Thursday, March 03, 2011

#136 World Series Game 5: 10th Inning Triumph

#136 1964 World Series Game Five
Hey look, it's Mike Shannon again! Long time, no see. From left to right, we have Shannon, Bill White, Dick Groat, home plate umpire Vinnie Smith, and Tim McCarver in the moment's following Timmy's go-ahead three-run homer in the top of the tenth inning. It's so energizing to talk about an action photo after dozens upon dozens of headshots and poses.

This was a Monday afternoon game at Yankee Stadium, taking place October 12, 1964. The two teams entered Game Five tied at two wins apiece and they were greeted by 65,633 ardent baseball fans. Starting pitchers Bob Gibson and Mel Stottlemyre traded zeroes for the first four innings. The Cardinals left the bases loaded in the first, as Stottlemyre struck out Tim McCarver to escape the jam. Gibson returned the favor an inning later, fanning Clete Boyer and Stottlemyre with the sacks packed.

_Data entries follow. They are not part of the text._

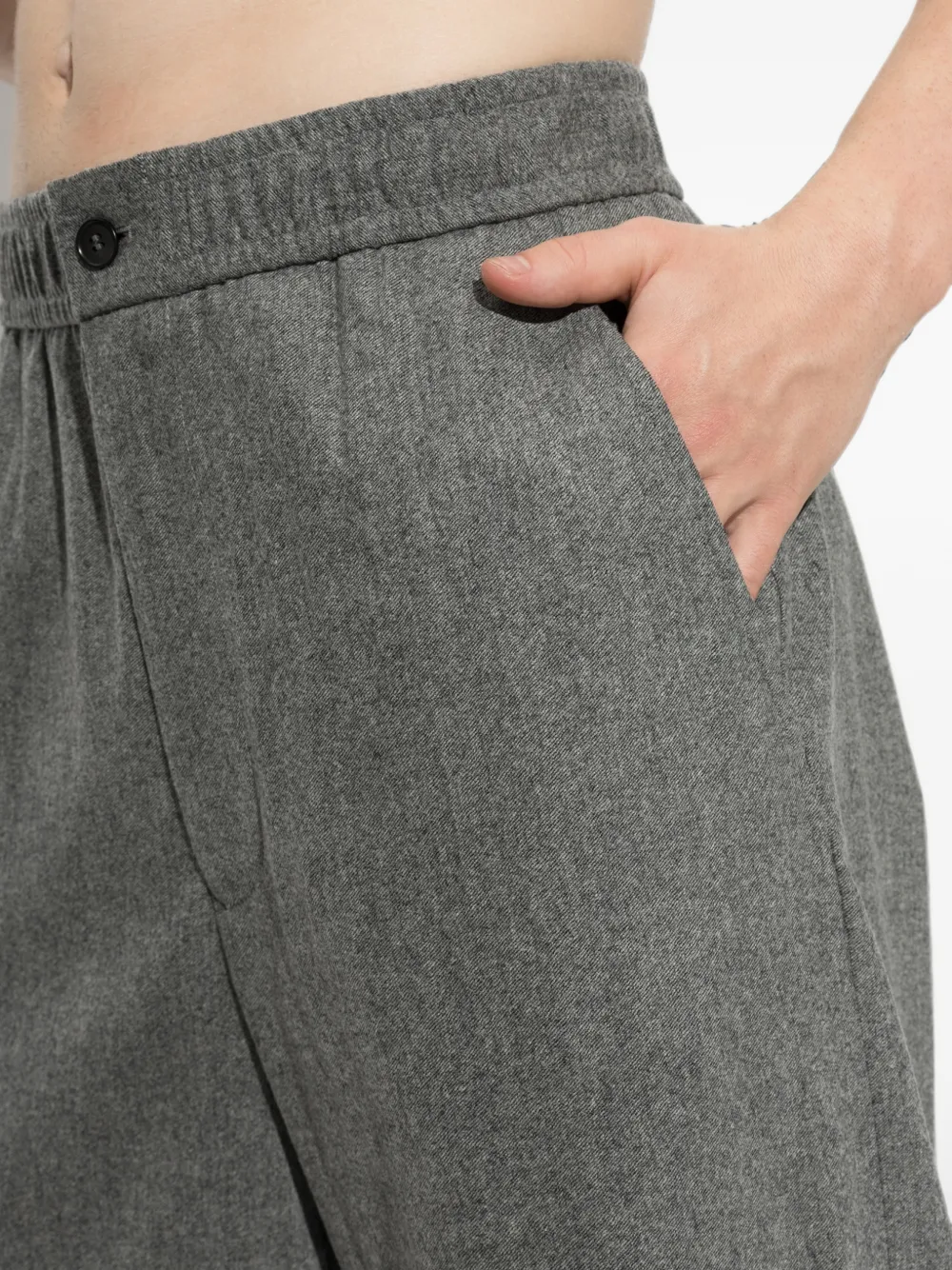 Giorgio Armani oversized trousers in wool and cashmere with denim effect Grijs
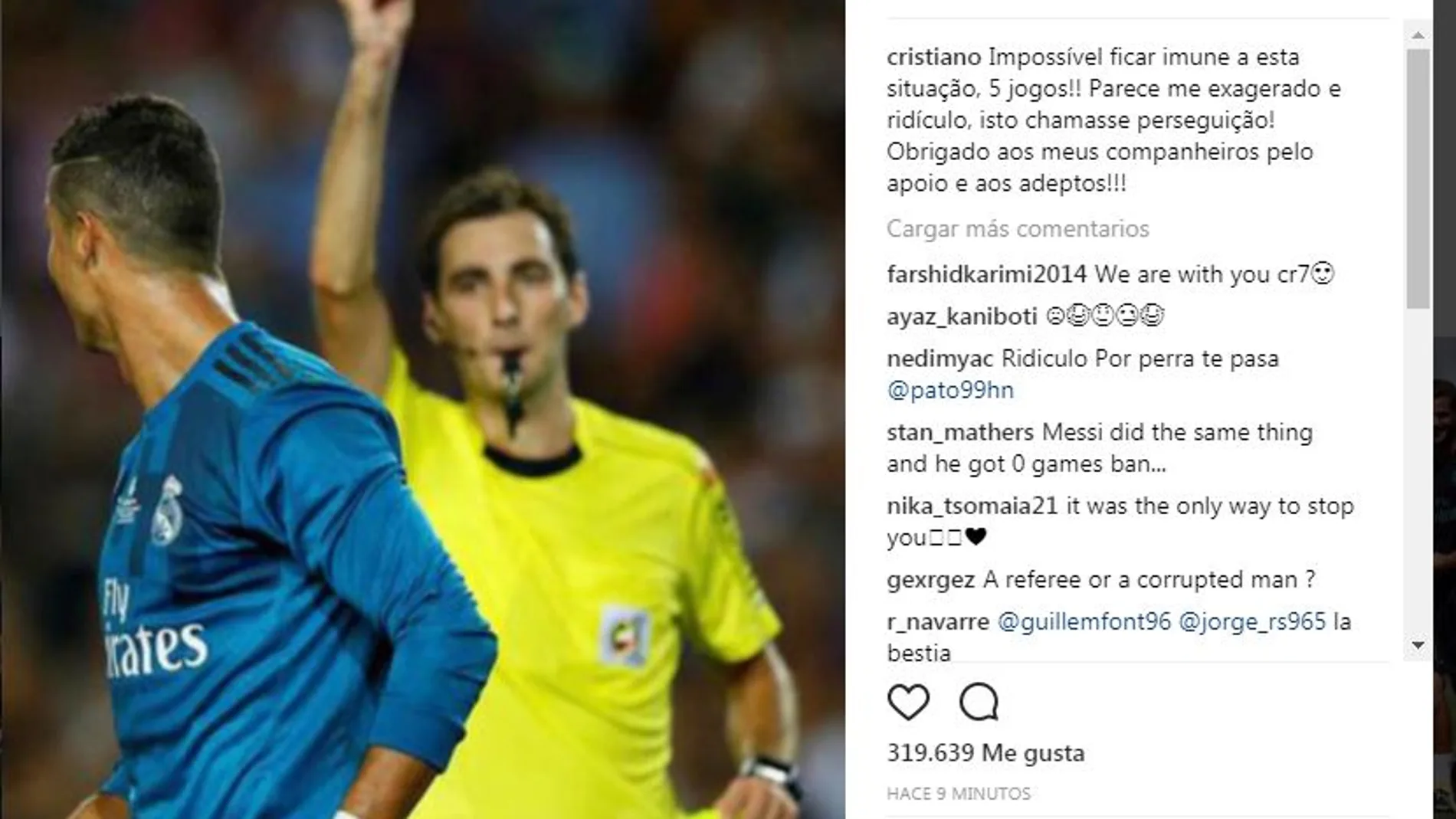 Cristiano Ronaldo en su Instagram.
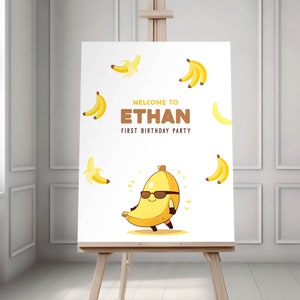 Let&#39;s go bananas  welcome sign template, tutti fruity party Birthday, two cool party, Editable Digital Template Instant Download CORJL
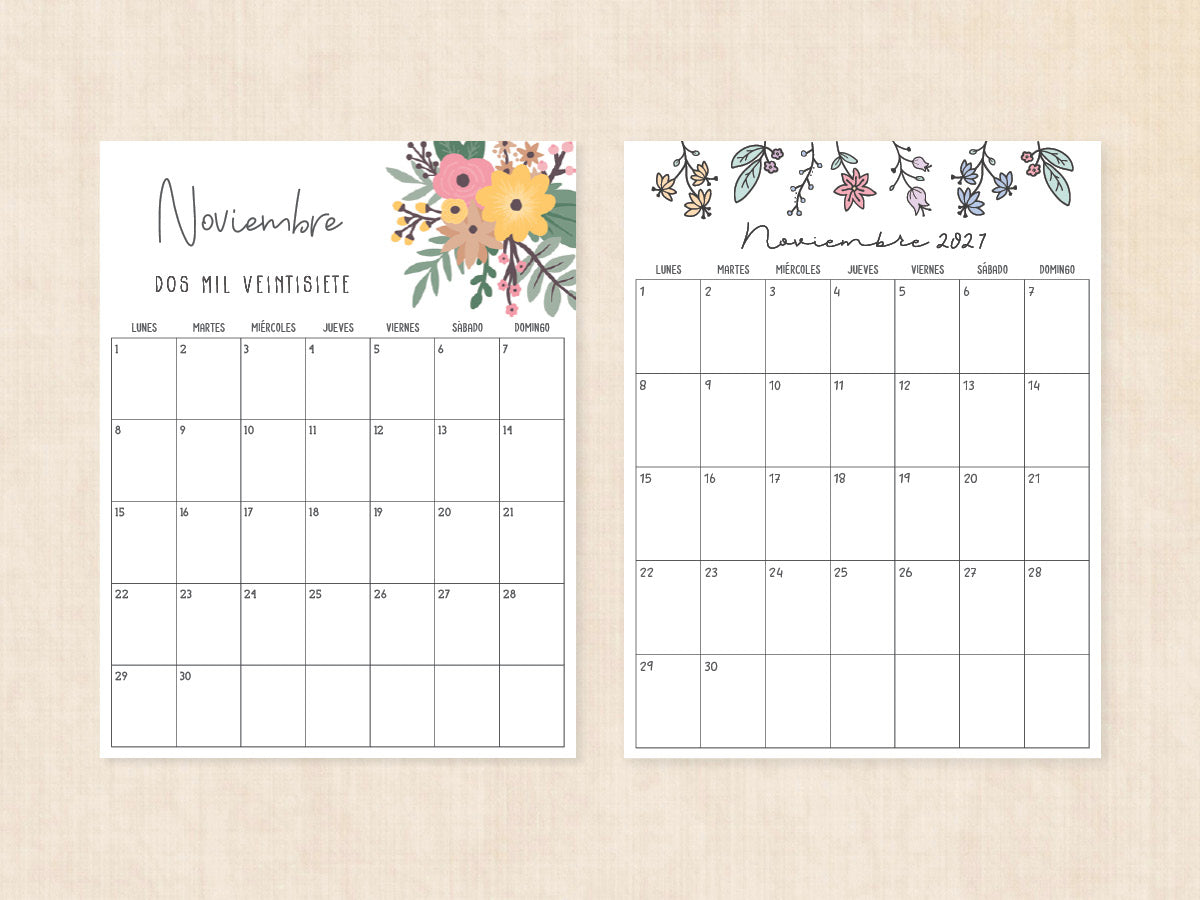 noviembre 2027 calendario en blanco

St. Louis manufactured a pair of runs in the fifth to take the advantage. Gibson singled, Curt Flood reached on an error by Yankee second baseman Bobby Richardson, and Lou Brock singled his pitcher home. Bill White scored Flood on a fielder's choice. Through seven innings, the score remained 2-0 in favor of the visitors. At that point, Stottlemyre exited having allowed two runs (one earned) on six hits and two walks. He struck out six batters. Gibson showed no signs of slowing down, having pitched around four hits, two walks (one intentional) and a hit batter. He'd struck out 11 New York batters. Hal Reniff and Pete Mikkelsen kept the Redbirds off the board in the eighth and ninth frames, setting up a last gasp for the home team.

The Bronx Bombers got a reprieve in the bottom of the ninth when St. Louis shortstop Dick Groat booted a Mickey Mantle grounder to lead off the inning. Gibson rallied to strike out Elston Howard, and a Joe Pepitone comebacker left the Yanks with one last hope. Tom Tresh, a powerful outfielder and two-time All-Star, touched off a raucous celebration in the stands with a game-tying home run to right-center field. Gibson rallied to retire Pedro Gonzalez on a popout to send the game to extra innings.

Mikkelsen, who had been New York's leading fireman as a rookie in 1964 (7-4, 3.56 ERA, 12 saves), took the mound for his third inning of relief. The Cards put together a tenth-inning threat via a Bill White leadoff walk, a Ken Boyer bunt that the pitcher could not field, and a steal of third by White. Groat bounced into a force play that retired Boyer at second, and catcher Tim McCarver struck the crucial blow. His three-run home run to deep right field gave the Cardinals a 5-2 lead. They won by that same score as Gibson set down the Yankees in the bottom of the tenth, allowing only a two-out single to Richardson. The fearsome St. Louis hurler earned the win in a ten-inning complete game, totaling six hits allowed and two walks while fanning 13 batters. As a result of Groat's error, both Yankee runs were unearned.